Data section

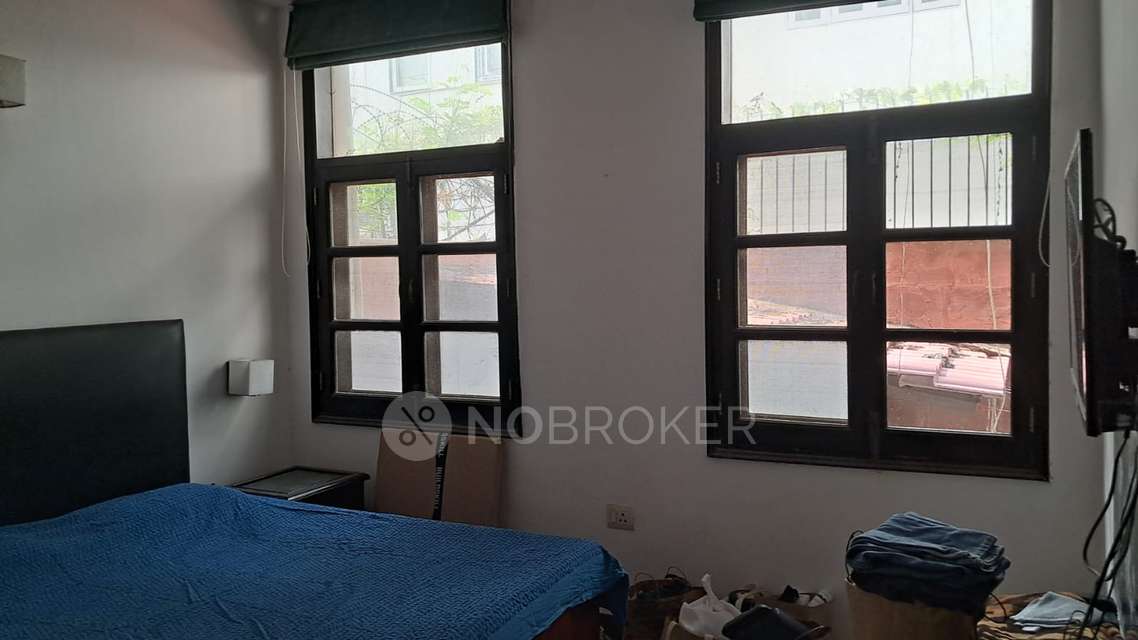 1 RK House for Rent  In Sector 17
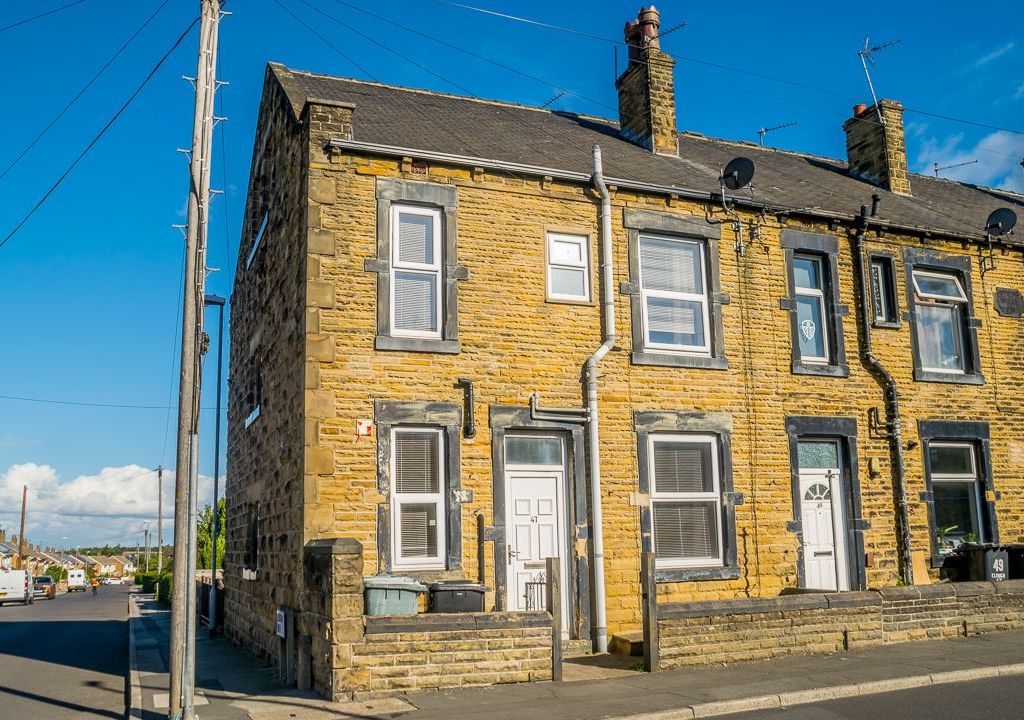 2 bed end terrace house for sale in Clough Street, Morley, Leeds LS27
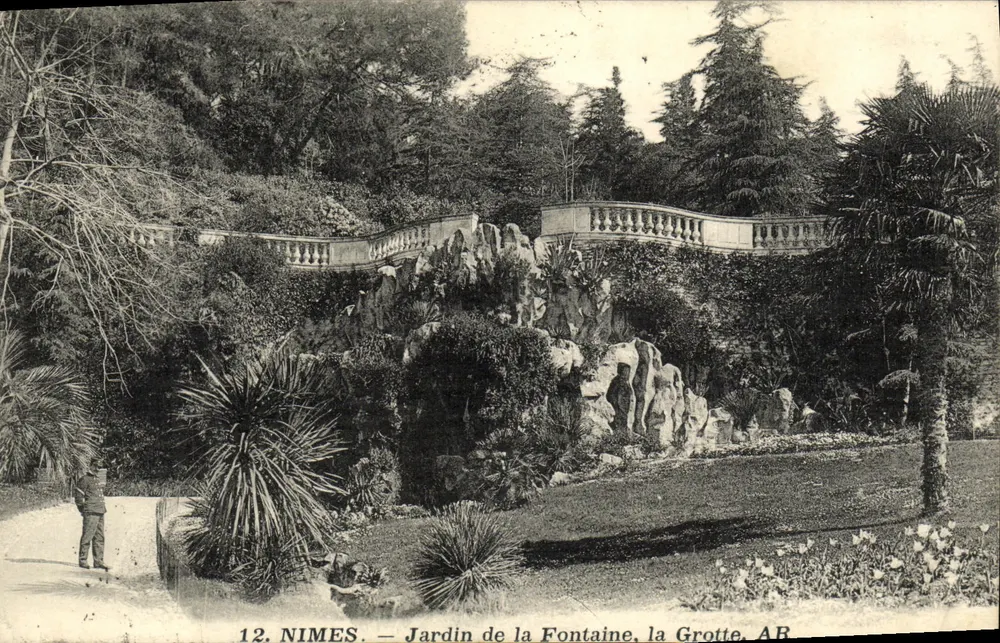 Nîmes — Jardin de la Fontaine, die Höhle — AR - Vorderseite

Your objective
Would you copy out the material above exactly, without the pictures in it?

Output below
 1 RK House for Rent  In Sector 17
 2 bed end terrace house for sale in Clough Street, Morley, Leeds LS27
 Nîmes — Jardin de la Fontaine, die Höhle — AR - Vorderseite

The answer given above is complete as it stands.